The idea for this blog entry came to me when my 4-year-old great niece identified an uppercase E as an M. I realized she was seeing an M turned on its side. I remembered reading that many children struggle with letter identification because some letters change their identity when rotated or flipped. A stapler is a stapler even when held upside down. A book is a book even when it is flipped over. However, a d is a b when it is flipped, and it is a p when it is rotated.
While thinking about how letters look to children, I remembered the group of 1st graders who helped me learn to make a k correctly last year. It was important to them that I learn how to make letters just right. My mind moved on to an letter identification assessment I had given using a page of handwritten letters. The kindergartner could not identify several letters and told me he had never seen them before. I finally saw the page through his eyes and discovered the troublesome ones had been written with more cursive curves.

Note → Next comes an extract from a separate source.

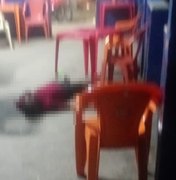 Dono de bar é morto a tiros após confusão dentro do estabelecimento em Penedo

I decided to type the list using a grade school font. He didn't miss a single one.
I have often wondered if the font used in most children's books confuses children, especially the letters a and g. Until today, I thought that we should introduce children to both the letters we want them to write and the ones we want them to read. However, an idea in a blog caught my eye this morning. The recommendation was that teachers should be less helpful, meaning teachers should let kids do and discover more for themselves. Perhaps a great way for kids to discover fonts for themselves is by finding and sharing letters that look different.